Notice that your local folder of the <user-name>.github.io doesn’t have many files in it prior to building the website:



Click on the Build Website button to render the site:



You should see a window of the rendered website (sometimes it shows up in the pop up windown and sometimes it doesn’t, but don’t worry just yet):



If you have properly setup the publishDir in the config.toml file, you should now see many files in your local <user-name>.github.io folder:



GitHub defaults to using Jekyll with website content, and this needs to be disabled since blogdown sites are built with Hugo. To disable this, include an empty file named .nojekyll in your GitHub repo <user-name>.github.io.

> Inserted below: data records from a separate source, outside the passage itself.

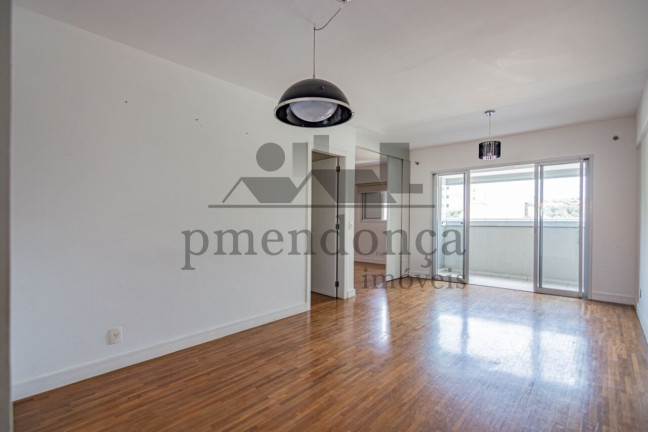 Apartamento com 3 Quartos à Venda, 89 m² em Alto Da Lapa - São Paulo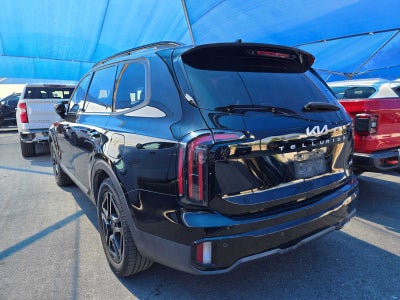 2023 Kia Telluride SX Prestige X-Line
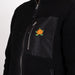 SQRTN CB Pile Crew - Black, bild 2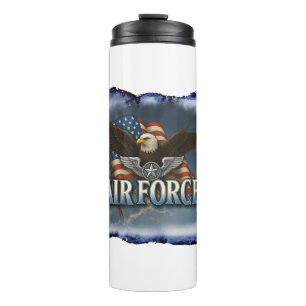 Termo Fuerza Aérea (USAF)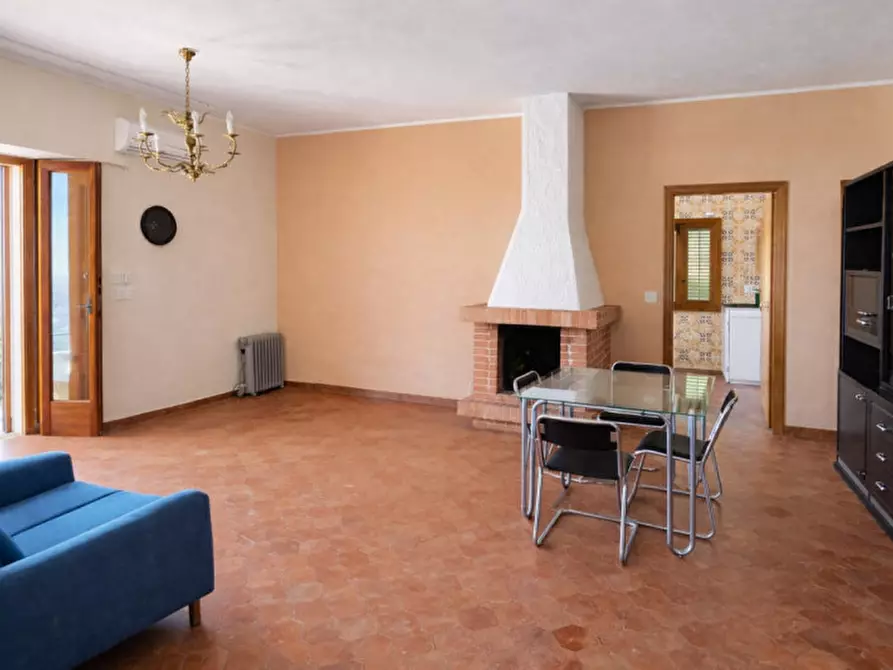 Immagine 11 di Villa in vendita  in Via Svizzera SNC a Carini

You can do so within RStudio by opening a text file:



Click on the save button:



Save as .nojekyll in the root of your local repo:



You might not notice the .nojekyll file show up in RStudio, but you should be able to see it in you file explorer:



We now need to commit these changes and push them to GitHub. Check all the boxes in the Staged column:



Click on commit:



Enter a commit message and click on Commit:



If everything worked, you should see a window like this:



Click on Push which will then prompt you for your username and password:







If everything worked, you should see a window like this:



Head over to the remote repo. You should see your most recent commit message. Click on Settings:



Scroll down. You should see that your site is now published. Be sure to check the Enforce HTTPS box. Read more about HTTPS here. GitHub now support HTTPS for custom domain names and <user-name>.github.io subdomains.



Head over to https://<user-name>.github.io and see your website in action!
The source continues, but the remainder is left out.